Perception Filter

Over the last few months, as my family prepared for a move, then made the move, I used packing/unpacking/painting time to get caught up on episodes of Dr. Who. Then, this past weekend I started watching the spinoff, Torchwood.

I have to admit, it’s a strange, twisted relationship, me and the Doctor. You see, he’s come to my “aide” during some very difficult times. He’s distracted me from the pain of trials and frustrations. In fact, the reason I watched the first few episodes of Torchwood this weekend was to give myself a break. Dealing with disappointment, disillusionment, and discouragement, (doncha love all those Ds?) I needed a time-out. Away from social media, away from—well, pretty much everything.

As I prayed, read by Bible, worshiped, I grew to understand that much of what I’ve been feeling is “friendly fire,” self-inflicted. Not intentionally. I mean, I’m not sadistic or anything. But I am a dreamer. I have a very good imagination and I had all these wild notions of what life would be like once we made it to Virginia and were no long living apart.
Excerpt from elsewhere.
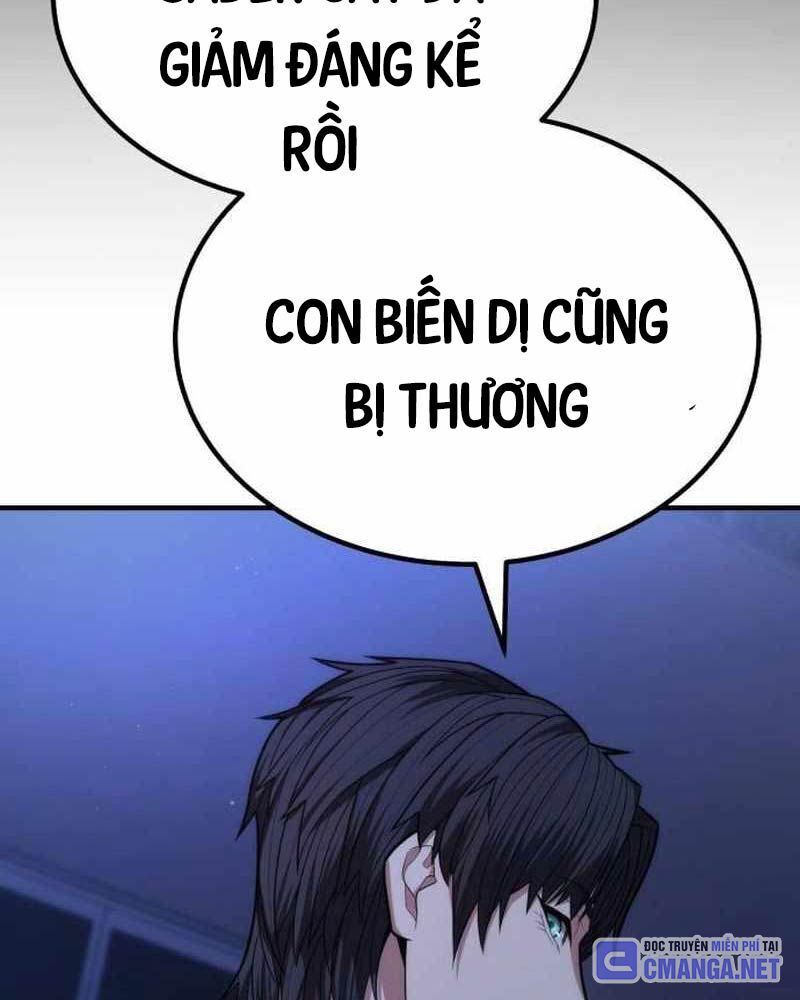 anh hùng bị trục xuất chapter 12 - Next chapter 13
And the writing endeavors—I believed they’d smooth out and calm down so that I could slip into an “normal” rhythm of writing and homeschooling.

Ha! So didn’t happen.

In fact, things seemed to have gotten worse. And as I looked around and saw that things were still not as I wanted them, I (am ashamed to say) grew discontent. Over time, that hurt because a “sore” and the sore festered (not intentionally). Until this weekend. I’d gotten to the point that I was “so over it.” I saw things in a grim light, and it seemed that everything that happened seemed to prove my thoughts.

 Sitting here this morning, I realized I’ve been viewing things through the light of my perceptions. And that reminded me of Dr. Who—the perception filter: has the effect of directing attention away from the object or its bearer, rendering them unnoticeable. Where things/people exist just beyond the edge of our periphery that we often miss them. And even to the point that “we don’t want to know.” This creature below was one that used the telepathic perception filter to hide its presence.
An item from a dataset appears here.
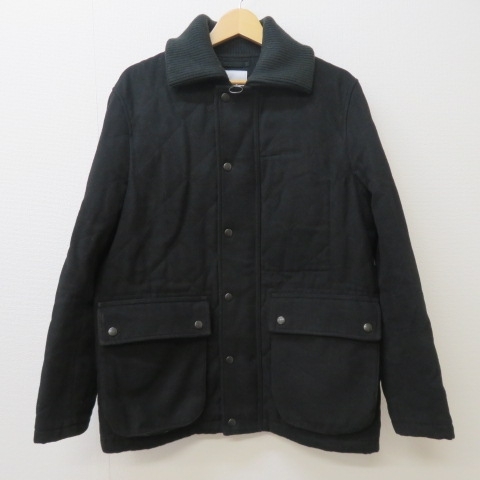 ヤフオク! -ユニクロ jw anderson ジャケットの中古品・新品・未使用品一覧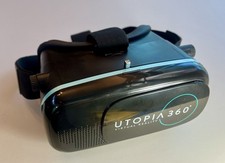 Emerge utopia 360 for sale  Jacksonville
And how often is that true of Truth--God’s truth--that we often miss it because we are so blinded by our own pursuits and dreams and goals?

I had expectations. I had hopes. I had dreams. Had it all planned out (well, mostly) how this thing called my ‘writing career’ would go. How our financial situation here in Virginia would go. How . . . just about everything would go. In my quiet time this morning, my devotional with Beth Moore said, “We see that God always fulfills His promises, just not always the way we imagine.”

And when they didn’t GO that way. . .I lost hope. Selfishly—(feeling very ashamed at this point)—I didn’t want to know that this wasn’t God’s way. Ouch! I wanted *my* way, because I had it all planned out. . . And honestly, I didn’t even realize that till I started writing this article. (Pardon me, while I stop and ask God’s forgiveness.)

Another great thing about the Dr. Who perception filter is this: Once a person became aware of a perception filter and the object it was disguising, they could no longer be affected. So, that’s my goal. I don’t want to be affected by MY truth of what’s happening, MY idea of how things should go. Yes, I want to have dreams and goals, but I do not want to be so rigid in my thinking, so inflexible, that when God sends me down another path, I wallow and become discouraged/depressed. I want to be transformed by the Truth—God always fulfills His promises.

When things go awry—and again, that’s OUR perception of how they “should” go—I want to be flexible and faithful enough to recognize that God’s plan hasn’t changed, and as long as I know He is there, He is leading, I’m GTG (good to go).